Task requirements
Nothing but the lines below between the line holding "French Temperament Leopard" and the line holding "unisex Bape Baskılı oversize sweatshirt gri", inclusive, should appear in the answer, each set down exactly.

Exercise input
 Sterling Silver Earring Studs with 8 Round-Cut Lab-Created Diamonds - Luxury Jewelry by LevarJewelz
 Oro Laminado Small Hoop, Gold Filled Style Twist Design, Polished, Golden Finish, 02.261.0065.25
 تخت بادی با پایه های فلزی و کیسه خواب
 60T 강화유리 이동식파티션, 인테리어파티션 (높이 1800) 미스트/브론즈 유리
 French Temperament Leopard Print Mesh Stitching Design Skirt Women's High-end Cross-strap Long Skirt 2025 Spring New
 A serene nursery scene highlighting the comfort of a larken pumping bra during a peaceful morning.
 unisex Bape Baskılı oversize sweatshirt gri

* * *

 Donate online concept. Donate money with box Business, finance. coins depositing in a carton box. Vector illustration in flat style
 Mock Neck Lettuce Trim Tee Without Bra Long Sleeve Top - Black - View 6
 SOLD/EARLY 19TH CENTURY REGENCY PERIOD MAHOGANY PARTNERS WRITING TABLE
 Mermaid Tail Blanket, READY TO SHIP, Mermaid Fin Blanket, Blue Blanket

...

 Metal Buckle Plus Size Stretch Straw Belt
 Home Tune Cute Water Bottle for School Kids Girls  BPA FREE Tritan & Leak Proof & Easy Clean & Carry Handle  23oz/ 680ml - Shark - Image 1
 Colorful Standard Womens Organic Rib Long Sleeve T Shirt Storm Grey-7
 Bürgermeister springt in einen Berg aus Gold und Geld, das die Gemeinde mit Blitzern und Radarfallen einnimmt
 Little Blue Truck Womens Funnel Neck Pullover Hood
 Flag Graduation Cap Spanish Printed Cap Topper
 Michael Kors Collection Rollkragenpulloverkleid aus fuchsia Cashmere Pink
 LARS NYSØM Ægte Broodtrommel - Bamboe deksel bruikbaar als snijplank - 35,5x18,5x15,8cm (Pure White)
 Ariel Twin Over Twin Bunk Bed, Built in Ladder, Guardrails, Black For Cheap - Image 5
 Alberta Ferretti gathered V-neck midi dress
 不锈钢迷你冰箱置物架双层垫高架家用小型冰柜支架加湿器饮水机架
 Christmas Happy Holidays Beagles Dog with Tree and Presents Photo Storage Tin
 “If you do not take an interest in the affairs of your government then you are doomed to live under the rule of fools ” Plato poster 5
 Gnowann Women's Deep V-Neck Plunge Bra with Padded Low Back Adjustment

Answer box
 French Temperament Leopard Print Mesh Stitching Design Skirt Women's High-end Cross-strap Long Skirt 2025 Spring New
 A serene nursery scene highlighting the comfort of a larken pumping bra during a peaceful morning.
 unisex Bape Baskılı oversize sweatshirt gri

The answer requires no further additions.